A esta dimensión específicamente política se sumaron otros aspectos “de época” que mostraban un ambiente de cambios y de rebelión generacional, histórica o nacional. Entre ellas se puede mencionar la lucha por los derechos civiles encabezada por Martin Luther King Jr. en Estados Unidos, o las protestas contra la guerra de Vietnam lideradas por estudiantes en ese mismo país. También se puede situar en este contexto el ambiente de cambios que vivió la Iglesia Católica a propósito del Concilio Vaticano II, que algunos interpretaron interesadamente como una apertura hacia el marxismo, tema en el cual la Iglesia habría pasado “del anatema al diálogo”, según una célebre expresión de la época. En otro plano, es interesante el ambiente contracultural liderado por los hippies o por algunos grupos musicales que rompían con los moldes establecidos y podían expresarse en eventos que hicieron historia, como el famoso encuentro de Woodstock.

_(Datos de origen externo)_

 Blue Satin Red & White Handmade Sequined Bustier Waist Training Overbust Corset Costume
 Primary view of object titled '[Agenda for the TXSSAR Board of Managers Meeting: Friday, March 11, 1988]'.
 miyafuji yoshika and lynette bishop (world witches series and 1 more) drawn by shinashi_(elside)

En definitiva, por donde se mirara parecía que retornaba el fantasma de la revolución anunciado por Marx en 1848, o los nuevos fantasmas que aparecían sin aviso y que eran mirados con fervor o temor, según el lugar que cada uno ocupara en el espectro político de los distintos países. La llegada de “Mayo francés”, con sus jóvenes rebeldes y sus barricadas, cumplía con la misión de llevar al Primer Mundo los vientos de la historia y del cambio social, aunque su resultado —ocurriría lo mismo en diversos lugares— no sería como anticiparon o soñaron sus líderes.
Es necesario volver a la década de 1960 y al significado histórico de la revolución porque nos ayuda a comprender un momento excepcional del siglo XX, sobre todo por sus connotaciones culturales, más que por sus consecuencias prácticas. Una mirada internacional facilita dejar de lado las visiones demasiado autorreferentes, aunque cada sociedad tenga su propia historia que contar sobre aquellos años y sus propias circunstancias.